►

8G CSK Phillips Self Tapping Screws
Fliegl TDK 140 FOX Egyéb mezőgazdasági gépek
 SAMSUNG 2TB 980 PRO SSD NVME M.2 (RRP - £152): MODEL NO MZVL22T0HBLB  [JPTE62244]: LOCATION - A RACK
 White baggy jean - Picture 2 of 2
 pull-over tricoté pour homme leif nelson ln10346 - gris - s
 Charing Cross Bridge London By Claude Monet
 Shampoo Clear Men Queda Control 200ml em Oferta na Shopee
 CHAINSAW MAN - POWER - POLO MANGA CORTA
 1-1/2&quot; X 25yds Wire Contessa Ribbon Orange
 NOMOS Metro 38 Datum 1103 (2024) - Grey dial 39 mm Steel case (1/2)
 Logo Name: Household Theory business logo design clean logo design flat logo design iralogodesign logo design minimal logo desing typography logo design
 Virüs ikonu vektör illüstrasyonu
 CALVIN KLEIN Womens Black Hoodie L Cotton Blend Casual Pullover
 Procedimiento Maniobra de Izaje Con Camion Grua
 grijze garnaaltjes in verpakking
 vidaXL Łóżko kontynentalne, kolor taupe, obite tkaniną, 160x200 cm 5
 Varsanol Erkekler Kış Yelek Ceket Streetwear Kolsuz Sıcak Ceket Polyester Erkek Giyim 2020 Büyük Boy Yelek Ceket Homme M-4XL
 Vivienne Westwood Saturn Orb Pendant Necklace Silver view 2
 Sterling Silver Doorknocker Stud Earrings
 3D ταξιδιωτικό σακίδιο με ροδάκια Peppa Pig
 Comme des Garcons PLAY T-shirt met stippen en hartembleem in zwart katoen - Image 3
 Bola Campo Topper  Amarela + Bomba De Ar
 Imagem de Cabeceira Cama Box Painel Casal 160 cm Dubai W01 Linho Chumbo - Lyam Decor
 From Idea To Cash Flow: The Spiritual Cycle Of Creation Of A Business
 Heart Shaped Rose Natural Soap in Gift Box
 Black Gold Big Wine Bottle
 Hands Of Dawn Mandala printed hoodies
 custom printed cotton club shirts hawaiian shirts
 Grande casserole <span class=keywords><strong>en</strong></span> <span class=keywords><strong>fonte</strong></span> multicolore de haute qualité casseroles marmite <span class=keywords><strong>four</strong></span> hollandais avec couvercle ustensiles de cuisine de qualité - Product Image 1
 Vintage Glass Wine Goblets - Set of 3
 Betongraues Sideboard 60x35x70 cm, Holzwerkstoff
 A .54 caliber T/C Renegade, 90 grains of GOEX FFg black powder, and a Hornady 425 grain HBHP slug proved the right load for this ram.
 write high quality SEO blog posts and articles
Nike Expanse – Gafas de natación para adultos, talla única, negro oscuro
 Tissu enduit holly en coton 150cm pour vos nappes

◄

* [BRIEF]: Print only what lies in the material above starting at the line with "grijze garnaaltjes in verpakking" and ending at the line with "Sterling Silver Doorknocker Stud Earrings", every line exactly as given.

* [RESPONSE TO THE EXERCISE]:
 grijze garnaaltjes in verpakking
 vidaXL Łóżko kontynentalne, kolor taupe, obite tkaniną, 160x200 cm 5
 Varsanol Erkekler Kış Yelek Ceket Streetwear Kolsuz Sıcak Ceket Polyester Erkek Giyim 2020 Büyük Boy Yelek Ceket Homme M-4XL
 Vivienne Westwood Saturn Orb Pendant Necklace Silver view 2
 Sterling Silver Doorknocker Stud Earrings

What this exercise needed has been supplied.